Oct. 13, 2015 10:26 pm
DES MOINES - Cautious state revenue estimators scaled back the year's growth estimate of tax collections by $121 million Tuesday. They cited declining farm income and flat sales activity among Iowa consumers as cause for at least short-term concern amid economic turbulence.
The three-member Revenue Estimating Conference reduced its March estimate of $7.175 billion for the fiscal year that runs through June 30 to $7.054 billion. It's a level that still reflects 3.4 percent yearly growth but is less optimistic than six months ago.
'The message I don't want to send is that the sky is falling, because it's not falling,” said REC member Holly Lyons of the Legislative Services Agency.
State tax receipts still are expected to grow by $235 million during the current 12-month budgeting cycle.

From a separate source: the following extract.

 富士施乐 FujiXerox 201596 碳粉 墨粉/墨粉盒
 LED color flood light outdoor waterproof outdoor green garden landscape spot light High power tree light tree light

REC chairman David Roederer called Iowa's financial sky 'partly cloudy,” given uncertainty over how sluggish farm prices could 'ripple” through the economy, coupled with growing turmoil in China and the Middle East that could influence export markets.
'We need to be expressing caution,” Roederer said.
REC member David Underwood of Mason City expressed concern about the global economic slowdown and a low inflation rate that is holding down wage growth. On the upside, he said the 2016 presidential race probably will mean TV and radio stations in Iowa 'are going to have a banner year” in political advertising.
Panel members noted they are making projections based upon three months of data that looked good until September. The data gauged growth rates of 3.4 percent this year and a 4.2 percent boost in tax collections for fiscal 2017 that would generate revenue approaching $7.35 billion.
'The Iowa economy seems to have hit a bit of turbulence in the form of declining farm income and flat growth in sales tax revenue,” Lyons said. 'Using an analogy - on a jet, when you experience turbulence in midflight, a pilot sometimes lowers altitude or, in this case, lowers the growth estimates for the near term until you can get a handle on the situation and find smoother air.”
Roederer, who is director of the state Department of Management and Gov. Terry Branstad's top budget official, said it is too early to say how slowing tax collections might affect the state's budget, but he doubts spending would have to be cut. He based that on a state surplus of more than $300 million above emergency reserves that could absorb a continued downtown. He said the slowdown bolsters the governor's decision to veto one-time spending by lawmakers who cited concerns over slumping farm income.
The REC meets again in December to consider revisions to its estimates. Those predictions will serve as the official revenue numbers that next year's split-control Legislature use for budgeting purposes when crafting the state's fiscal 2017 budget.